Cumhurbaşkanı Yardımcısı Yılmaz'ın Bingöl Lisesinden öğretmenleri Şükrü Demirpençe ile Semiramis Karaarslan, Yılmaz'ın eğitim hayatını anlattı.
Bingöl'de yaşayan 68 yaşındaki Demirpençe, eğitimci olarak görev yaptığı meslek yaşamı boyunca yüzlerce öğrenciyi geleceğe hazırladı.
Yaklaşık 19 yıl önce emekli olan Demirpençe öğrencileriyle olan anılarını hafızasında yaşatmayı sürdürüyor.
Demirpençe'nin kendisinde iz bırakan, gururla yad ettiği öğrencileri arasında Cumhurbaşkanı Yardımcısı Yılmaz da bulunuyor.
Bu kutsal mesleğe yıllarını veren Demirpençe resim eğitimi verdiği öğrencisi Yılmaz'ı anlattı.
Demirpençe, öğretmenlik yıllarının kendisi için büyük anlam taşıdığını belirtti.
Bingöl Lisesinde 1980-1981 eğitim-öğretim döneminde göreve başladığını anlatan Demirpençe, meslek yaşamı boyunca güzel anılar biriktirdiğini söyledi.

O dönem eğitim gören bazı öğrencilerinin Türkiye'de farklı konumlarda üst düzey göreve geldiğini belirten Demirpençe, kimi öğrencileriyle halen irtibat halinde olduklarını ifade etti.
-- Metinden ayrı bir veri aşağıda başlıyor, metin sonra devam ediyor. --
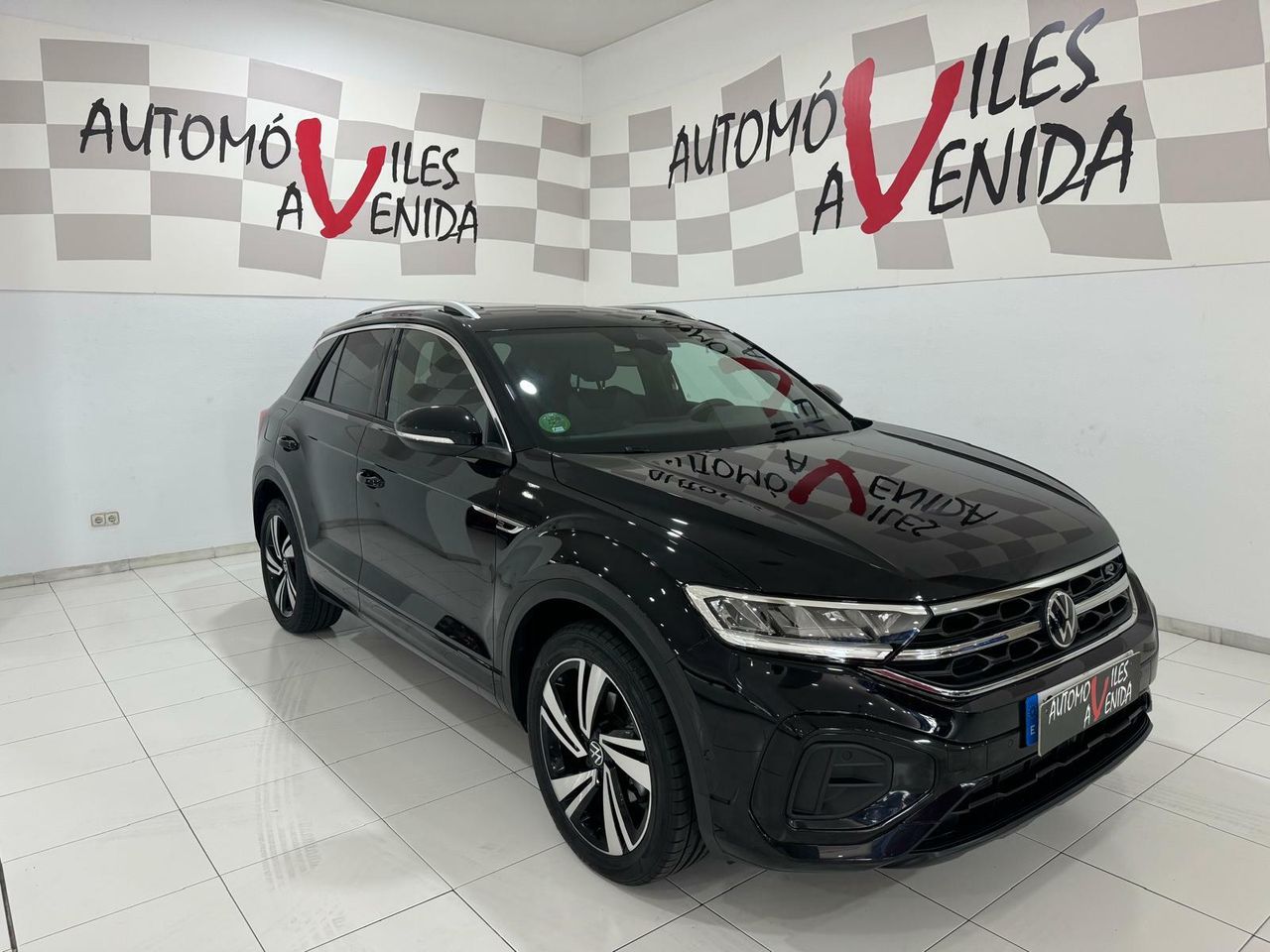 Foto volkswagen t-roc 2022 /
Demirpençe, farklı okullarda da görev yaptığını, unutamadığı anıları bulunduğunu anlatarak, "Bu anıları düşündükçe kendi adıma seviniyorum. Öğretmenlik kutsal bir meslek. Bu mesleğin birer temsilcisi olarak görevi öğrencilerimize devrettik. Öğretmen olanların yanı sıra devletin farklı mercilerinde görev alan öğrencilerim var. Bu da benim için mutluluk ve sevinç kaynağıdır." dedi.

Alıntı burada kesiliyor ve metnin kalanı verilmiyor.